The U-turn was greeted as a major victory for the campaign against euthanasia and follows similar votes this year by the Royal College of General Practitioners and the Royal College of Physicians.
Last month the House of Lords effectively rejected a bill brought by Lord Joffe that would have allowed terminally-ill patients to end their lives, with the assistance of a doctor, in very limited circumstances.
The campaign for a euthanasia law had been given a significant fillip when the BMA last year voted to move from clear opposition to such legislation to a policy of neutrality.
It was the first time in the association's 134 year history that it had dropped its policy against euthanasia.
But some doctors claimed that the vote had gone through with barely more than a third of the conference present and that the BMA's ethics committee was too biased in favour of a law.
At the conference yesterday, members voted 65 per cent in favour of a motion stating that physician-assisted suicide should not be made legal and by the same majority demanding that euthanasia should not be legalised.
Physician-assisted suicide involves a doctor giving the patients a means to commit suicide, such as prescribing a lethal dose of barbiturates that the patient then administers to themselves, whilst euthanasia involves the doctor themselves ending a patient's life.
Dr Peter Saunders, campaigns director of the Care Not Killing alliance that had galvanised support against a euthanasia law, said: "This debate showed that a clear majority of doctors are opposed to a change in the law.
"What we now have to do is to campaign to improve palliative care and educate the public to understand what such care can offer and that if a law came in, how vulnerable patients might feel under pressure to request an end to life."
Professor Ilora Finlay, a baroness who voted against the Joffe bill, said that 94 per cent of palliative care doctors were opposed to a change in the law.
She added: "Is it worse that someone lives days or weeks longer than they want to, or that someone ends their life days or weeks or even months earlier based on the wrong information?"
Prognosis cannot be certain and diagnostic errors are made.
"If patients are given the wrong information they may make the wrong decision."
Dr Andrew Davies, a senior house officer working on a cancer ward, told the conference that a change in the law would make many terminally ill people feel that they would have to make a request to die in order not to be a burden to relatives.
Dr Davies said: "My great concern is that a right to die will become a duty to die in order not to be a burden on their families.
"What these vulnerable people need is comprehensive palliative care provision, not laws, to respond to their demands."
But Dr John Fitton, a GP, backed a change in the law and said that people were being forced to travel to foreign clinics such as the Swiss organisation Dignitas in order to end their lives.
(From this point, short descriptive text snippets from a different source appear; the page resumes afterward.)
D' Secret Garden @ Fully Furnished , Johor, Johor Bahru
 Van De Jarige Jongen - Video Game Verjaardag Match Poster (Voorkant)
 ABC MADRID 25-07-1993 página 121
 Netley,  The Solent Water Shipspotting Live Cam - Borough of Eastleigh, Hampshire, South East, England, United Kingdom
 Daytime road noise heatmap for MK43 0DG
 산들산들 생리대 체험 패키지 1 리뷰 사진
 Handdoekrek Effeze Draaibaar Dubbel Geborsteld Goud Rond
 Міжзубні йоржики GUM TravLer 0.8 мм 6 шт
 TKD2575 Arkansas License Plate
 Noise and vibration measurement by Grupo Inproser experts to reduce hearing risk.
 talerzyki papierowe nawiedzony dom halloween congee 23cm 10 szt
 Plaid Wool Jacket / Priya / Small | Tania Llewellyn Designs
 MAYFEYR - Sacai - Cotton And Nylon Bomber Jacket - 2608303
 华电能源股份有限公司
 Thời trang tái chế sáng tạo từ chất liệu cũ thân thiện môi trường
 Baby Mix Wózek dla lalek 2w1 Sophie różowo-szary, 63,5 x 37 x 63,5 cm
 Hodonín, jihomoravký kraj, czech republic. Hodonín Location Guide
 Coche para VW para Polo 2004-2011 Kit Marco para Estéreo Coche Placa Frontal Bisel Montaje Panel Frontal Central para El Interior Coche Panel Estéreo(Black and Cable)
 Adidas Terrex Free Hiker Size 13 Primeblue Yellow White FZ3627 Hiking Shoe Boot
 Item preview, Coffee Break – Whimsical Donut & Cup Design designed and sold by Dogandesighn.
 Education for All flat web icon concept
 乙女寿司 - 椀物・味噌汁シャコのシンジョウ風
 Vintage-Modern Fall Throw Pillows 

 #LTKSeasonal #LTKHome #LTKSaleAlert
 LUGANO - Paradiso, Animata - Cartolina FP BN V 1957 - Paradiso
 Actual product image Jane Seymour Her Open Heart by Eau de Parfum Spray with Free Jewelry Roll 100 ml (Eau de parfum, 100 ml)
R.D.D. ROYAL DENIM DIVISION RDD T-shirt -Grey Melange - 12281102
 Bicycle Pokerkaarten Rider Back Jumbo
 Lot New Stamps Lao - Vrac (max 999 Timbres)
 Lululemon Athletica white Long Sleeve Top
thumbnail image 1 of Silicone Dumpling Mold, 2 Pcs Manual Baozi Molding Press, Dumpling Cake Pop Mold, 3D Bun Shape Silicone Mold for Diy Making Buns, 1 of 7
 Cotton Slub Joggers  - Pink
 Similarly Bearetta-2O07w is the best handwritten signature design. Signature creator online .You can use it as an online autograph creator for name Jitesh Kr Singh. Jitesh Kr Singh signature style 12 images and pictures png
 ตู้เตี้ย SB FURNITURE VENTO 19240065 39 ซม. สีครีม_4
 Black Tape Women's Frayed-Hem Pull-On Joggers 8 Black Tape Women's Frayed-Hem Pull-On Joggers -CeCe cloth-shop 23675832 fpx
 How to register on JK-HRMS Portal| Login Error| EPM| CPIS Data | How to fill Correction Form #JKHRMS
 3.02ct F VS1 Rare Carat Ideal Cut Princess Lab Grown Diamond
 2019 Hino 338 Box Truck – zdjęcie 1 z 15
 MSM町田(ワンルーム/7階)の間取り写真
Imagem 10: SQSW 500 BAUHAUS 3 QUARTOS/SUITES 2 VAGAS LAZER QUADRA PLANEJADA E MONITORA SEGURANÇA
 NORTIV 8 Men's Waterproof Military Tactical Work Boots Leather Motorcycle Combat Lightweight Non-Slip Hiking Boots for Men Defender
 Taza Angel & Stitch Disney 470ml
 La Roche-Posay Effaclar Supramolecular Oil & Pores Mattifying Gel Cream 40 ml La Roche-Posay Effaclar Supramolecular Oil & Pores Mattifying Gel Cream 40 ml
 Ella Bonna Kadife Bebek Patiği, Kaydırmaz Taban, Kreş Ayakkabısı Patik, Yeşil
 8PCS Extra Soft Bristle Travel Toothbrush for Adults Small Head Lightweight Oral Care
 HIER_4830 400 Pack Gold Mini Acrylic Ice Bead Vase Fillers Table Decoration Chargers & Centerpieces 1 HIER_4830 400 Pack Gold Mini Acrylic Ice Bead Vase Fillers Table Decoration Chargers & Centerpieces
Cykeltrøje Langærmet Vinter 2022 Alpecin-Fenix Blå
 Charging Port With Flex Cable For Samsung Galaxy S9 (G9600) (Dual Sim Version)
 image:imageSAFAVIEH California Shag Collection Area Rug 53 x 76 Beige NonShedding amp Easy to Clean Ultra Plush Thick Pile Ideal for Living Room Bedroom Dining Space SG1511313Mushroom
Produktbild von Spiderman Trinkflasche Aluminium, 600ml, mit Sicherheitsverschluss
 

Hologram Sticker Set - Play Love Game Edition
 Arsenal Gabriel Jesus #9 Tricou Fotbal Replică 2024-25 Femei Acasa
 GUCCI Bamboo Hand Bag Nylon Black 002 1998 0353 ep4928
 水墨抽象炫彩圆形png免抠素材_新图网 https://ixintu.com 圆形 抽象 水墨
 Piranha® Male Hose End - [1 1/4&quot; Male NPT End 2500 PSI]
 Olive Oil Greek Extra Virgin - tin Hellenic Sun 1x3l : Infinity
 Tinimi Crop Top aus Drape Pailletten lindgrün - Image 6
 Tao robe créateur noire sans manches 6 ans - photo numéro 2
He said: "I know people still die in undignified misery.
"It is inhumane and disgraceful to have to be resourceful enough to travel to more enlightened countries for this service."
The Voluntary Euthanasia Society, which has recently changed its name to Dignity in Dying, has claimed that opinion polls show that a majority of the public is in favour of the legalisation of some form of assisted dying.
Deborah Annetts, chief executive of Dignity in Dying, said yesterday: "Today's vote in Belfast came amidst extensive lobbying by very active and organised religious lobby groups.
"A survey yesterday showed most doctors want neutrality, and resent a religious minority dictating policy across their profession.
"Millions of people in the UK will be deeply disappointed at what the religious lobby groups have done."